Some games set out to break you. They are so challenging that you will soon find yourself crying, rocking back and forth in the corner. We’re looking at you here, Dark Souls. Oceanhorn: Monsters Of Uncharted Seas is not one of these games. Instead, Oceanhorn sets out to charm you, to dazzle you with its beauty and simplicity of ideas.
At its core Oceanhorn: Monsters Of Uncharted Seas is an adventure puzzle game. There are a number of islands for you to explore, each with its own distinct look and personality. The people on the island will engage you in what feels like different ways. Some will help you, others will hinder you and some will plainly ignore you.
With a title like Oceanhorn: Monsters of Uncharted Seas you would expect to spend a lot of time at sea, and this you do indeed do. Unfortunately this is one way that the game lets itself down. We would have hoped, with a title like this, we would have spent at least some time exploring said Uncharted Sea. This is not the case. You can only visit islands that you already know about, so you are reliant on people telling you about different islands before they appear on your map. When you are actually on your little boat going between islands you are stuck on rails and cannot deviate from your course one bit.
It’s only when you get to a new island that the exploration starts. Each island is littered with NPCs to help you on your way. There are also a whole host of puzzles for you to solve as you go exploring, and these puzzles open up new parts of each island. The puzzles themselves aren’t too challenging, and you won’t find yourself scratching your head for too long. The solution is generally in plain site. If it’s not then maybe you will have to come back to this island after finding something on a different one that will help you get past your current obstacle. This is where the game’s exploration system excels, and you will have to revisit most islands several times to be able to complete the quests.
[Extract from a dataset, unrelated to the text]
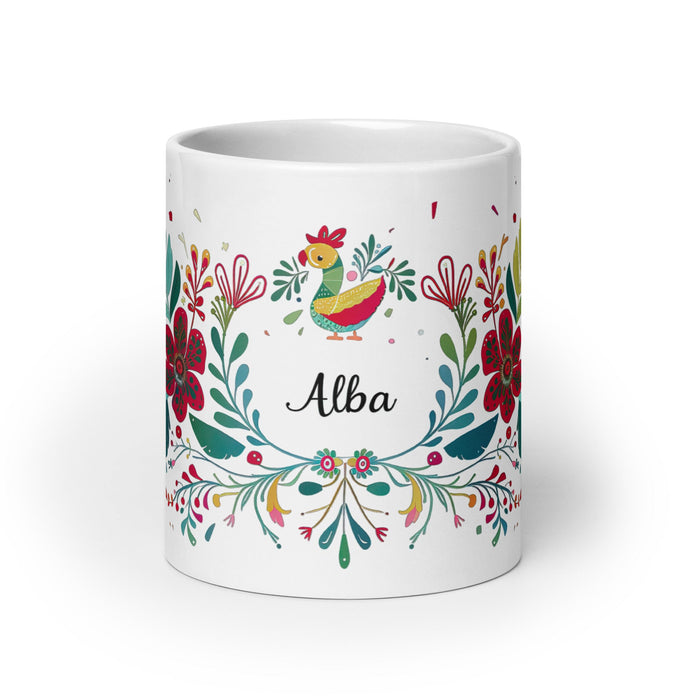 Alba Exclusive Name Art Piece Home Office Work Coffee Mug Mexican Spanish Pride Gift Cup One - Of - A - Kind Calligraphy White Glossy Mug | A21 - Mexicada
Everyone loves a good mini game and Oceanhorn: Monsters Of Uncharted Seas has a cracker. Finding a fishing rod opens up the world of fishing to you and you can continue to fish throughout the game. There might only be seven different kinds of fish in the game but it is something of a challenge to find and catch them all.
Mild RPG elements allow for a levelling up system which is both simple and a lot of fun. You level up by killing enemies and completing side quests. Each island also has its own sets of side objectives, each with its own achievement, and each completed objective will give you bonus XP that allows you to level up faster and gain better rewards.
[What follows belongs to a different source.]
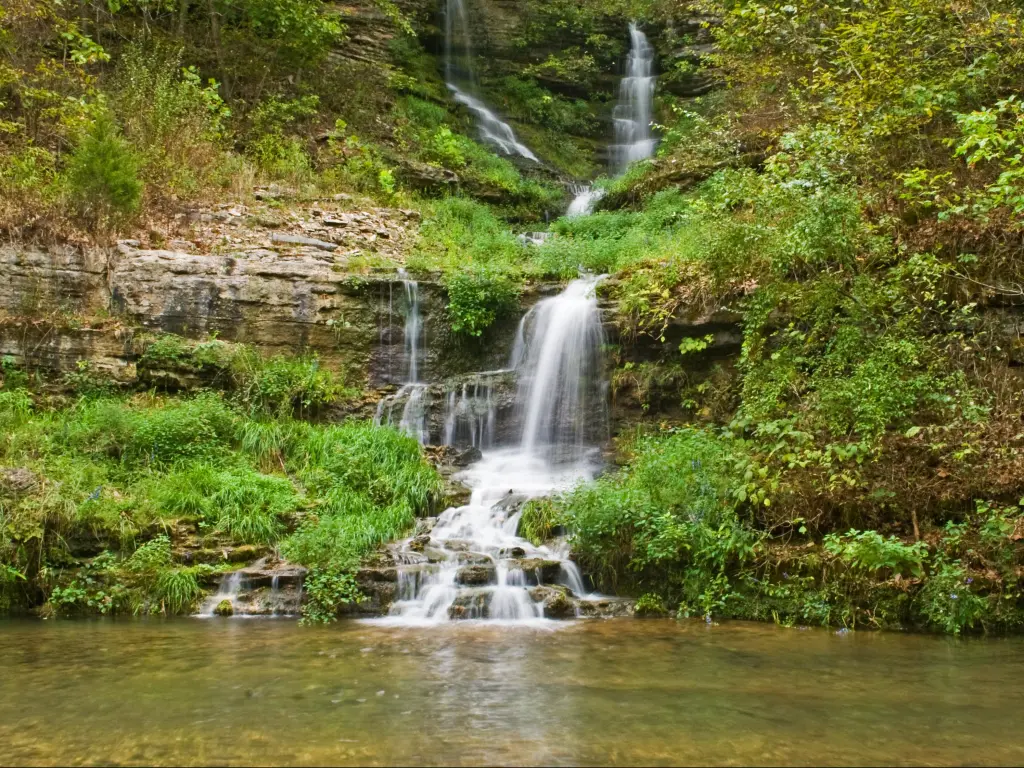 Branson, Missouri, USA with a view of the waterfall at Dogwood Canyon Park Nature Park.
Oceanhorn: Monsters of Uncharted Seas won’t be winning any awards for its story but really this is only a side issue here. The story serves to kick off your adventure, and then it’s all about the exploring and adventuring.
One of the most endearing features of the game is its soundtrack. The music is alive to on-0screen events, soothing at times whilst increasing the tension at just the right moments. Couple this with fantastic camera work – you won’t find your view been obscured by a random tree here – and you have a thoroughly enjoyable cinematic cartoon experience.
For most people Oceanhorn: Monster of Uncharted Seas will take around ten hours to finish and is fun for both kids and adults. It will charm and engage throughout, just as long as you’re not looking for too much depth or twisting narrative.
Oceanhorn: Monsters of Uncharted Seas is available from the Store, priced £11.99.
A thoroughly engaging adventure despite a misleading title and a thin story.
Oceanhorn: Monsters of Uncharted Seas is a good looking game for both children and adults. You won’t find too much of a challenge here but with beautiful visuals and soundtrack this could be a fun way to pass a rainy afternoon.